With a lack of detailed scientific information about their ecology, there has been little conservation attention on angel sharks to date. But through a collaborative approach, ZSL and a consortium of partners* are working to change this. 

A couple of weeks ago we launched the Angel Shark Conservation Network, to bring together individuals and organisations to help deliver the objectives laid out in the Angelshark Action Plan for the Canary Islands and Eastern Atlantic and Mediterranean Angel Shark Conservation Strategy. In addition, we hope this will lead to using research techniques and information gathered in our Canary Islands project area to better protect remnant angel shark populations found in their wider range. 

In 2014, the Universidad de Las Palmas de Gran Canaria, ZSL and Zoologisches Forschungsmuseum Alexander Koenig set up the Angel Shark Project (ASP) with the overall aim to safeguard the future of Critically Endangered angel sharks throughout their natural range. On World Oceans Day (8 June) this year, the project won the award for 'Outstanding Conservation Initiative' from Sociedad Atlántica de Oceanógrafos, which we were delighted with! 

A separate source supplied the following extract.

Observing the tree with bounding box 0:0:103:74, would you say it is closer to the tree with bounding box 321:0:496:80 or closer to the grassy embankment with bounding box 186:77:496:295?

Two angel sharks on the ocean floor
© Carlos Suarez, Oceanos de Fuego

I've just returned from an expedition to the Canary Islands. During this trip we completed transect surveys in two potential Angelshark nursery areas. The surveys were completed at night when Angelsharks are more active and it is easier to find juvenile Angelsharks by torchlight (as their eyes reflect the light). One of our surveys was completed outside McDonalds in Puerto Colon to the latest Elvis Tribute Act playing at a nearby bar!

As well as the transect surveys, we completed a dedicated mark-recapture survey at Las Teresitas beach, just north of the capital of Tenerife. This beach is one of the busiest beaches on the island, used by thousands of people each day, but it is also the most important Angelshark nursery area we’ve discovered to date. 

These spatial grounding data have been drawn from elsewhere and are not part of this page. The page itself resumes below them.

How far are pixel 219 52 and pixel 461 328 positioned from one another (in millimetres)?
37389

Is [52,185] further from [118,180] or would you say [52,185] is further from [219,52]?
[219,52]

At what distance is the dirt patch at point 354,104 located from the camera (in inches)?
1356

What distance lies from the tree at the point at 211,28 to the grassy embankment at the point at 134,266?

When the sun set, the Angel Shark Project team and a handful of keen volunteers scoured the shallow waters for juvenile Angelsharks. Any found were measured, weighed, tagged with visual ID tags and PIT tags and samples were taken for genetic analysis. Over three days we tagged 37 juvenile Angelsharks, providing vital data as part of our three-year study in this area. 

The expedition wasn't only about fieldwork though. During the day, we used our time to meet with dive clubs and sport fisher charter boats across the islands. Working with the diving community is vital to better understand Angelshark distribution and ecology, as we ask all divers to submit their Angelshark sightings to our Angel Shark Sightings Map. Our work with sport fishers focuses on ensuring any Angelshark accidentally caught during their fishing trips are quickly released in the best condition to improve their chances of survival.

We would like to thank the Disney Conservation Fund, Save Our Seas Foundation, CRESSI and Deutsche Elasmobranchier-Gesellschaft for supporting the Angel Shark Project in 2017.

*Partners leading on angel shark conservation efforts in the region include the Angel Shark Project (Universidad de Las Palmas de Gran Canaria, Zoological Society of London & Zoologisches Forschungsmuseum Alexander Koenig), IUCN Shark Specialist Group, Shark Trust and SUBMON.